A load-balancing strategy is a strategy allowing to spread the load (e.g. HTTP requests) over a fleet of instances providing some functionality. If you’re like me you probably think of a sort of load-balancer (e.g. Nginx, AWS ELB, …) in front of several nodes (e.g. EC2 instances, docker containers, …). This is, indeed, a very common pattern but there are other alternatives with different pros and cons.

Server-side load-balancing

Let’s start with the most common approach: the server side load-balancing (a.k.a Proxy load-balancing). In this configuration there is a load-balancer in front of a fleet of servers. Clients connect to the servers by going through the load-balancer.

The load-balancer acts as a proxy and isolates the clients from the backend nodes.

Pros

  • Simple client configuration: only need to know the load-balancer address
  • Clients can be untrusted: all traffic goes through the load-balancer where it can be looked at
  • Clients are not aware of the backend servers

Cons

  • Single point of failure: If the load-balancer fails there’s no connection to the servers
  • Load-balancer might be a bottle-neck as it concentrates all the traffic
  • Scaling is limited by the load-balancer capabilities
  • Increased latency because of the load-balancer proxy extra hops

Use-cases

This is a typical architecture for web-architecture (Nginx, AWS load-balancers) as it isolates the clients from the backend infrastructure.

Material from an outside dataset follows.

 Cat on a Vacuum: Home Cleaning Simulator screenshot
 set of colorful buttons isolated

There are mainly 2 types of proxy load-balancers:

  • Network load-balancer
  • Application load-balancer

Network load-balancers terminate the connections from the client and open a new connection to the chosen backend server. TCP-packet are copied from the client connection are copied over to the backend connection.

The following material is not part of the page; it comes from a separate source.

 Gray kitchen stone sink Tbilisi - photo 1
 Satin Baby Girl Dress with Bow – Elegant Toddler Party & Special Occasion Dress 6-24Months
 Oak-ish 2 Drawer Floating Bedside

Application load-balancers also terminate the connections from the client but they can look at the data inside a TCP-packet to chose the appropriate backend server. They can provide richer functionality (sticky sessions – all connection from the same session are handled by the same backend server). They offer more functionalities but are also slower than their network counterparts.

Client-side load-balancing

If there is a server-side load-balancing there should be a client-side load-balancing as well. And there is one such strategy. In this case the load-balancer is just gone and the clients choose which server to connect to.

Of course this implies that somehow the clients need to know about the server instances and implement an algorithm to determine which server to pick from the list. It can be something as simple as a round-robin mechanism, a hashing mechanism or even having the server report their actual load to the clients.

In this case there is a direct connection between clients and server instances and therefore clients needs to be trusted. (Just forget about it if your clients are everywhere over the internet).

Obviously the clients are more complex as they need to know implement the load balancing strategy themselves. However this can be facilitated by a framework or library (e.g. akka-cluster).

As the load-balancer is gone you gain better latency and improved scalability (just add more servers) but have to pay the price of additional complexity.

Pros

  • Improved latency: direct connection from client to backend server (no proxy extra hops)
  • Improved scalability: scalability depends only on the number of servers (no bottleneck)

Cons

  • Complexity has to be handled by the clients
  • Complex maintenance (libraries update …) as the implementation is language specific
  • Clients must be trusted

Use cases

The Cassandra client can be considered as a client-side load-balancing. The client is aware of the nodes in the cluster by contacting a seed node and selects the most appropriate node to send a request to according to the partition key.

Here it’s the distribution of the partition keys that spread the load fairly. However if one key is used more than other the load won’t be shared equally (hence the importance to choose the partition key wisely).

Unlike with proxy load-balancing, A/B testing (redirecting only a portion of the traffic to specific instances) is more difficult to do.

External load-balancing

This is somehow the hybrid approach. In this configuration cluster state (including server loads …) is maintained by an external load-balancer (e.g. Zookeeper) and clients ask the load-balancer which servers they should connect to.

If the load-balancer returns a list of servers the clients can implement a simple load-balancing strategy (round-robin, random, …). The results from the load-balancer might also be cached allowing the clients to connect to the servers even when the load-balancer is not available.

This approach moves some complexity from the clients to the external load-balancer while preserving direct connection to the servers.

Pros

  • Improved latency: direct connection from client to backend server (no proxy extra hops)
  • Improved scalability: scalability depends only on the number of servers (no bottleneck)
  • Reduced complexity on the clients

Cons

  • Some complexity still has to be handled by the clients
  • Complex maintenance (libraries update …) as the implementation is language specific
  • Clients must be trusted

Use cases

This approach makes sense for micro-service communications where you control both clients and servers. This is also the recommended approach for GRPC.

This approach is also known as service discovery and if you’re on AWS you probably can implement it by using the ELB or ECS APIs.